And all those commanded by the Torah are Jews, even if they are 
not conscious of its existence.
	Hence no Jew can be stripped of his Jewishness, regardless 
of his deeds or opinions.  But the halakhah draws additional 
distinctions: righteous person and wicked person; sinner on a 
single matter and sinner regarding the entire Torah; brother in 
Torah and observance of the commandments and brother, but not in 
Torah and observance.  And the halakhah relates to each of these 
categories differently.  Now what is the attitude to halakhah to 
one who does not accept or believe in the Torah and considers 
himself a secularist? 
	We have to concede that in principle, halakhah is harsh 
towards and intolerant of those who violate it.  Here is what 
Rav Abraham Isaac ha-Kohen Kook had to say:(4) 

"And the fiercest of the nations (the Jews:  see Beitzah 25b; 
Shemot Rabbah 42:9) is a jealous and vengeful one.  It wreaks 
hellish vengeance on those who muddy up its life. It does not 
tolerate those who do so, be they even brother or son.  In its 
heart there continues to reverberate the proclamation of its 
first shepherd (Moshe, during the episode of the Golden Calf; 
Shemot 32:27), "These are the words of the Lord, God of 
Israel:  'Let each of you take up his sword and go through the 
camp from gate to gate, and slay brother, neighbor and kin.'"

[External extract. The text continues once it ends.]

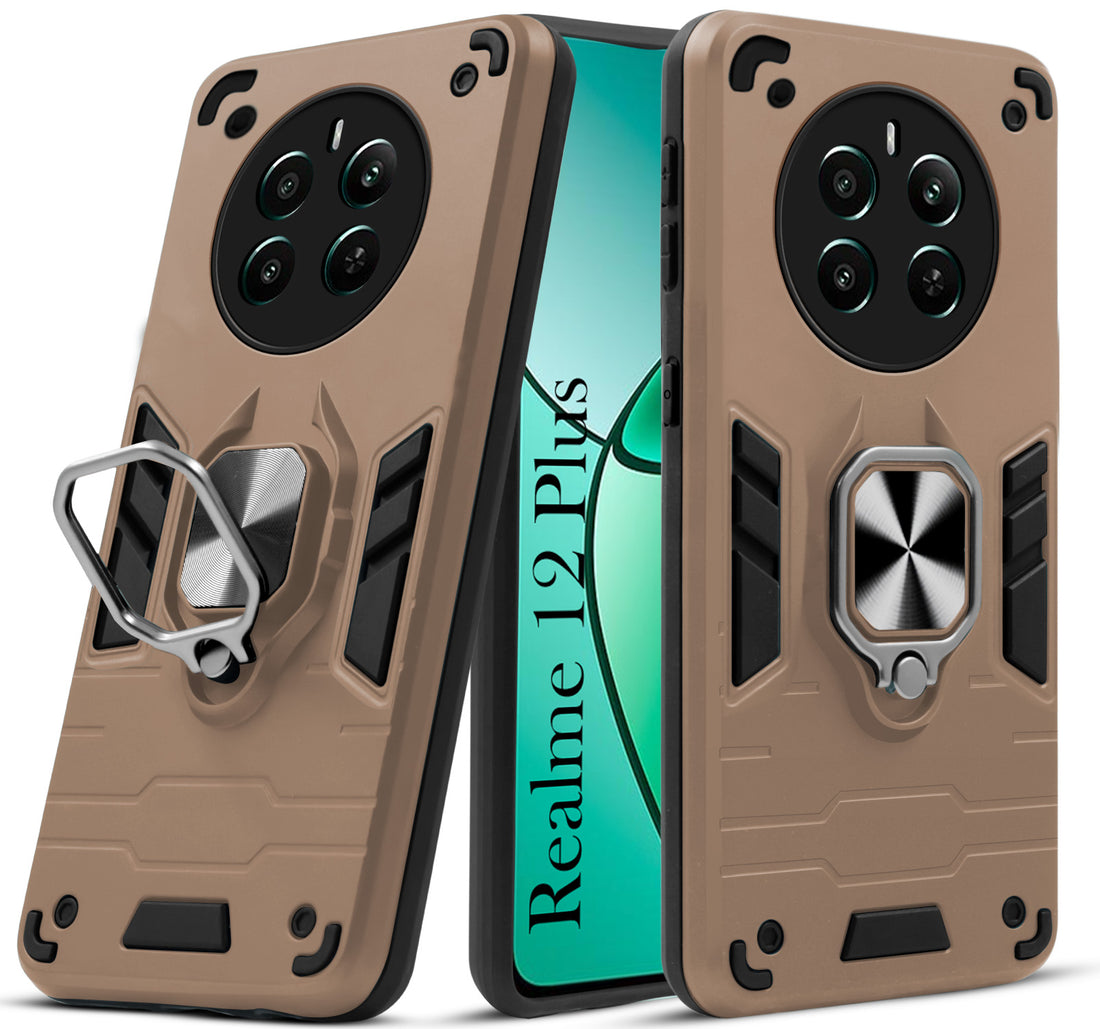 For Realme 12 Plus Back Cover Case (Shockproof Polycarbonate Dual Layer Hybrid Armor)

	 This attitude is primarily one of principle, and there is 
a vast difference between  halakhic principle and practice in 
this respect. There are halakhic matters concerning which we are 
told halakhah ve'ein morin ken - "the action, if performed, is 
correct under the law, but is not prescribed a priori."  Between 
the proclamation in principle and the implementation there is a 
great distance.  However the assertion in the principle is 
important in itself and as an edifying factor.  An example of 
this is a certain blatant difference between the Written and 
Oral Torah. In the former we often find the expression "mot 
yumat," the perpetrator of such-and-such an offense "shall 
surely be put to death."  A literal reading of Scripture might 
make one think that one is reading the minutes of a "stoning 
Sanhedrin."  On the other hand, there is the famous statement in 
Mishnah Makkot 1:10:  "A Sanhedrin that carries out one death 
sentence in seven years is called murderous.  Rabbi Elazar ben 
Azariah says, 'Once in seventy years.'  Rabbi Tarfon and Rabbi 
Akiva say, 'If we were on the Sanhedrin, no-one would ever be 
executed.'"  According to the Oral Torah, the possibility of 
sentencing an offender to death is extremely remote, virtually 
non-existent. Halakhah(5)  requires prior warning in the 
presence of two witnesses; the offender must also have been told 
precisely how he would be executed; and he must have declared, 
"I know, and I am committing the sin nevertheless."  If he only 
said "I know" without declaring that he intended to commit the 
offense, he is not considered to have been properly forewarned, 
as the warning must be issued when he is clearly showing his 
criminal intent.  Altogether, a most far-fetched possibility. 
Nevertheless, the radical disapproval expressed by the Torah's 
prescription of the death sentence has tremendous educational 
value. Rav Kook remarked that the Kabbalah designates the 
Written Torah as "Father" and the Oral Torah as "Mother."  
Father and mother both pursue the same aims in the education of 
their children; only the father does it in his manner, and the 
mother in hers.  And both manners are needed if the child's 
education is to be complete.  Sometimes the child needs the 
father's stern reprimand that does not consider extenuating 
circumstances, and at the same time needs motherly tenderness, 
mercy, and understanding. 
	The question is asked:  If, as the Oral Torah says, "An 
eye for an eye" means " Money for an eye," why does the Written 
Torah say, "An eye for an eye" rather than "Money for an eye?"  
The answer is: The Written Torah is the father sternly 
declaring, "An eye for an eye!"  Then along comes the Oral Torah 
as a clement mother, saying, "It isn't that simple; it isn't 
really an eye for an eye; actually it means money for an eye." 
Revulsion at causing bodily harm is generated precisely by the 
Written Torah's harsh prescription.  There is educational value 
to the Torah's emphatic repetition, "An eye for an eye! A tooth 
for a tooth! A foot for a foot!"
	The same applies to the matter we are discussing - the 
stringent attitude to sinners, reflecting the attitude we are 
expected to take to the sin itself.
	In dealing with the practical implications of the Torah's 
attitude to sinners, we have to concentrate on our attitude to 
sinners in our time. Here the central question is:  Are those 
stringent statements of the Sages regarding sinners and heretics 
applicable today?  We have to treat this question from two 
standpoints: 

	1.  The character and gravity of the sins:  Do the various 
sins carry the same weight today as they did in the times of the 
Sages?
	2.  The quantity of sinners:  When the Sages spoke of 
sinners as "fence-breachers," Jewish society as a whole was 
observant and loyal to the tenets of Judaism.  Does the halakhic 
attitude of the Sages apply in our time, when the  totality of 
Jewish society cannot be defined as observant? 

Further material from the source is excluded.